# Problem to solve
The needed output is the run of lines below from the one containing "Poster - Data" through the one containing "Personalized Christmas Ornament", copied exactly and free of pictures.

# Data records
# # # #

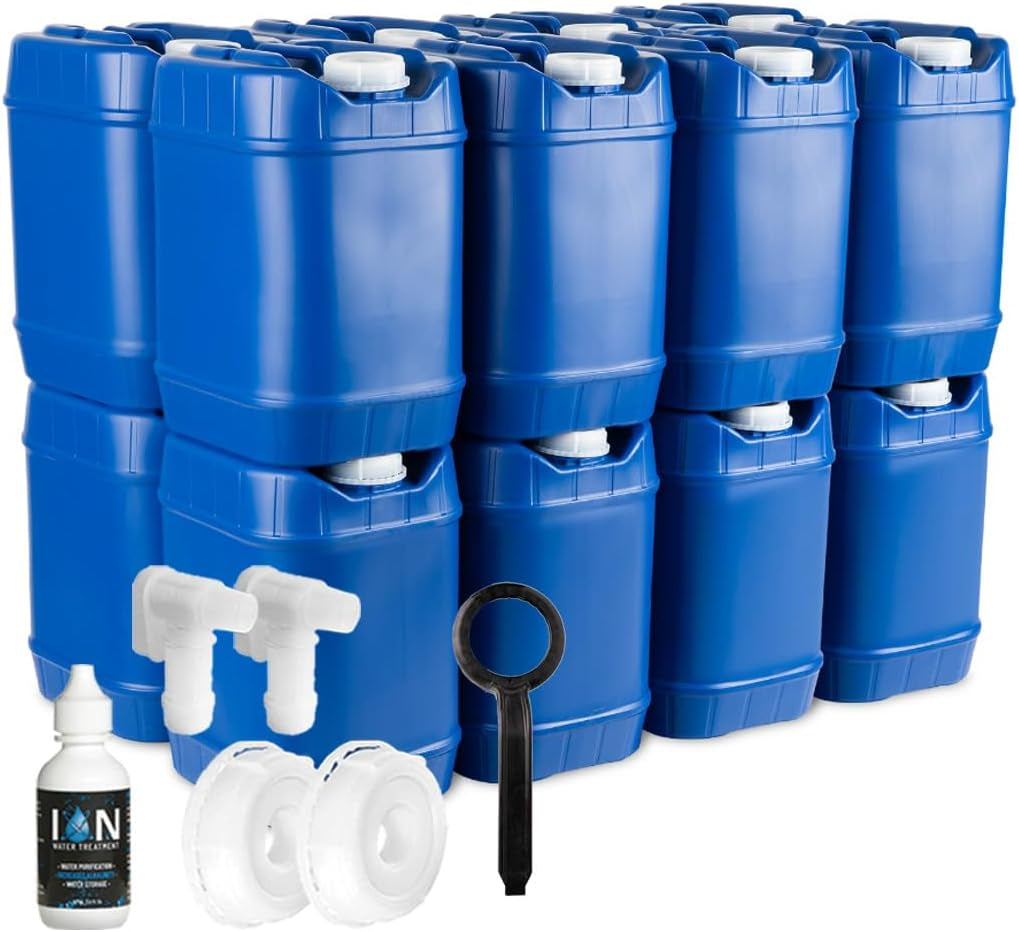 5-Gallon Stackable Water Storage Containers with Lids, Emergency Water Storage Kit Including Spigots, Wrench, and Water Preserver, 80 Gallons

# # # #

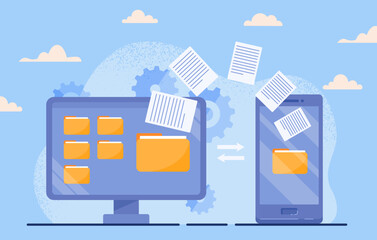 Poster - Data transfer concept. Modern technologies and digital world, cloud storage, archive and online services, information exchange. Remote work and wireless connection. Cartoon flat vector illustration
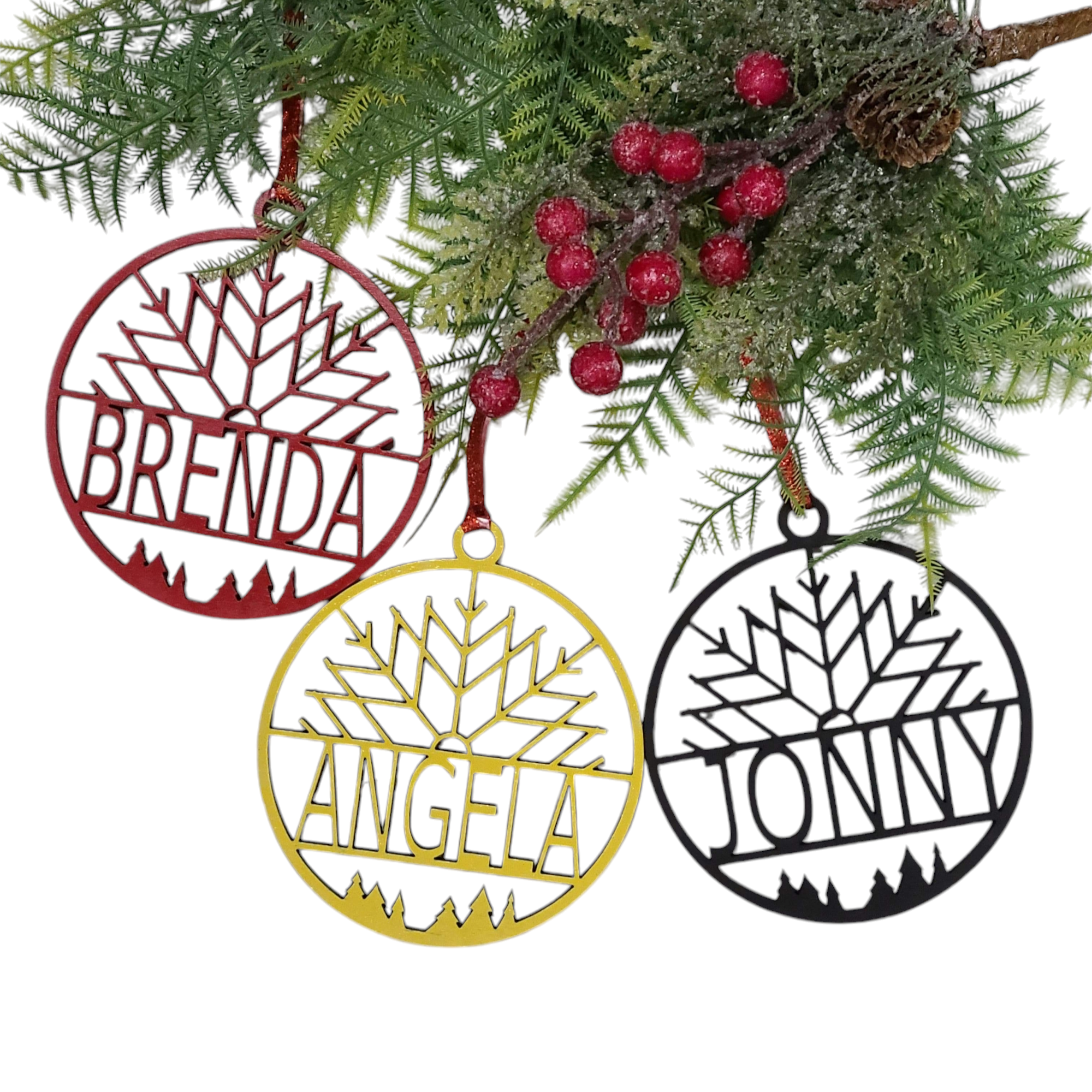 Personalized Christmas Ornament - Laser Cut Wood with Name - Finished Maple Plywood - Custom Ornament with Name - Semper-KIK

# # # #

# Solution below
 Poster - Data transfer concept. Modern technologies and digital world, cloud storage, archive and online services, information exchange. Remote work and wireless connection. Cartoon flat vector illustration
 Personalized Christmas Ornament - Laser Cut Wood with Name - Finished Maple Plywood - Custom Ornament with Name - Semper-KIK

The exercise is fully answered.